The above block shows a small part of the Tiny YOLOv2 XML file. One of the <layer> tags, as you can see, contains the convolution operation. Similarly, in the rest of the topology, the other <layer> tags may contain pooling or activation operations. The different sub-tags represent the data type, as well as the input and output dimensions.

• The XML file does not contain any model weights. It only has the topology for the corresponding binary (.bin) file that contains the model weights.

Installing Intel OpenVINO Toolkit

In this post, we will cover the installation steps for the Ubuntu 20.04 OS, 2021.3 version (the latest version available currently) of the Intel OpenVINO Toolkit. The same steps also apply, if you are on Ubuntu 18.04.

Look at the following video, it shows all the steps in the GUI installation process.

If you are more comfortable following the steps in written format, no problem. We’ve listed each step to install Intel OpenVINO Toolkit in detail here. Let’s go over it together now. 

Step 1: Download the Correct Version of OpenVINO Toolkit

Head over to the official download page to get the correct version of OpenVINO, after choosing all the prerequisites according to your needs and OS.

For example, the following image shows us selecting to download the local installer of OpenVINO 2021.3 version for the Linux operating system.

Which version should you download? Any of the older, available versions will work too. But better to go with the latest version for it provides the most updated functionalities of the toolkit. Choose any version, starting from OpenVINO 2018 R50.1. Just keep in mind that all these versions are fully supported only on Ubuntu 18.04 LTS and 20.04 LTS.

Click the download button. It will download a file named l_openvino_toolkit_p_<version>.tgz, where <version> is the version number you have chosen to download.

Step 2. Unpack the Installer File

Open your terminal and cd into the directory where you kept the OpenVINO installer file. Then unpack the file, using the following command:

tar -xvzf l_openvino_toolkit_p_<version>.tgz

After unpacking, you will see a l_openvino_toolkit_p_<version> folder in your current working directory. This contains the OpenVINO installer and other required files.

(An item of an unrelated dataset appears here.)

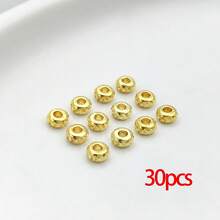 30 hạt cườm mạ vàng 18K, hạt tròn dẹt, hạt đệm bằng đồng thau, hạt hình trụ, hạt tròn nhỏ dùng để làm vòng tay, vòng cổ, trang sức, đồ thủ công DIY. - Nhiều màu - Xem 6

Step 3. Install OpenVINO Toolkit

Now, cd into the l_openvino_toolkit_p_<version>. You get three options to install OpenVINO on your system.

• The graphical user interface (GUI) installation wizard
• The command line installer
• The command line installer, with silent instructions.

We will use the GUI installation wizard, that is the install_GUI.sh file, as it is the easiest and most intuitive to follow.

To start the installation, type the following command in your terminal.

sudo ./install_GUI.sh

Note: You can also continue with the installation processes, without the sudo access.

Step 4: Following the Installation Instruction on Screen

First, comes the welcome screen, and then the license agreement. Next, you will see the prerequisites screen,  similar to the image below.

Even if you get warnings for not meeting the prerequisites, you can still proceed with the installation. These can be installed later, when you are installing the dependencies.

After this comes the installation-configuration summary screen.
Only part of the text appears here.